亡くなったご主人の供養にアメリカの地方に住む義理の姉を訪ねて、アメリカの地にお骨を分けてきたのだ。
帰国のためニューヨークの空港に向かう途中、タクシードライバーが、ラジオをつけたら、ジョンレノンの曲が流れた。彼女の頬にしょっぱい水が流れた。あーそういう日だったのね。これで、一つの区切りがついたと思った。
そして空港に着いたカウンターで、ぎりぎりまにあいましたね、この便まで通常です。ジョンレノンが殺されたので規制がかかったんです。
あーそうだったのね、だからジョンレノンの曲だったのね。12月18日。もうすぐクリスマスね。世界の平和はだれがまもろうとするの。
彼女は急にさみしくなった。
クリスマスの夜、店は賑やかだった。
原宿の螺旋階段は、おもむきがあってのぼるたびわきわくする階段だった。
クリスマスのボロンテールは素晴らしかった。
ボロンテールの夜は長く楽しかった。
今日子さんはその日のことを話してくれた。
今日子さんは鹿児島空港でビートルズの来日を同級生と迎えたそうだ。
僕は、その後上京して原宿でジャズの店をひらくまでのことをカウンターではんぶんゆめごこちできいていた。

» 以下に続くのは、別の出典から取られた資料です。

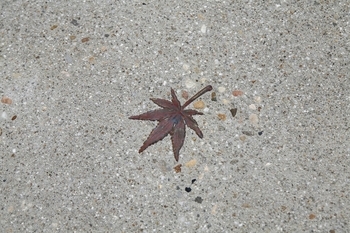 タツホーム　竜建 施主の未来を考えた機能美 あふれる「中庭のある家」の建築実例画像10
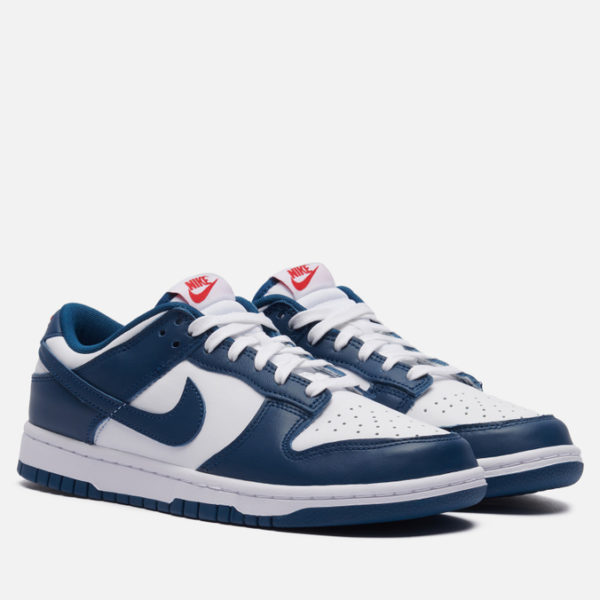 Мужские кроссовки Nike Dunk Low Retro
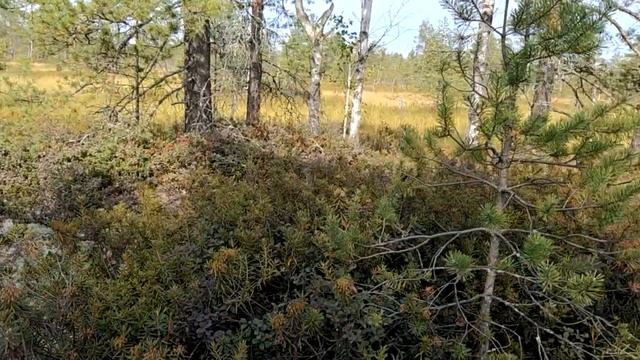 растительность болота смотреть онлайн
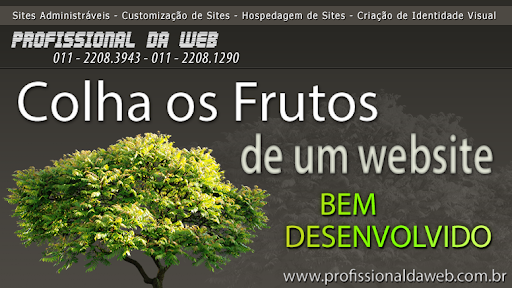 Logo da empresa - Profissional da Web
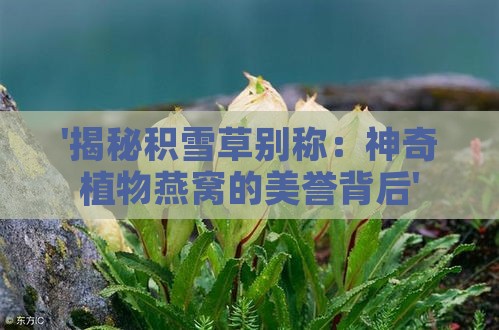 '揭秘积雪草别称：神奇植物燕窝的美誉背后'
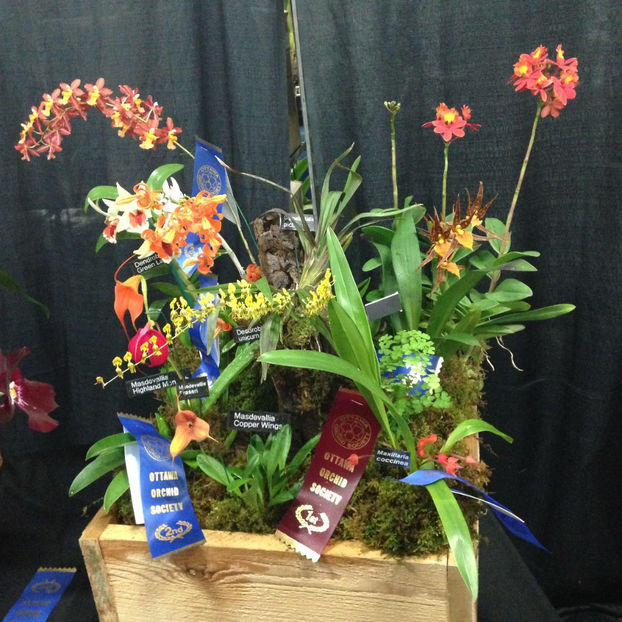  - 2018 Ottawa Orchid show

今日子さんとは深夜にいろいろな話をして素晴らしい人々との出会いがあった。
僕はその日のことを、ジョンレノンとスマイルの楽譜のことをおもいだしていた。
僕はその後赤坂に移転しても通っていた。
赤坂の店は杉の香りとボロンのサウンドが響くすてきなくうかんだった。
僕はそこで初めてワインがおいしいと思った。
ジョンレノンの曲はやっぱり心に響く。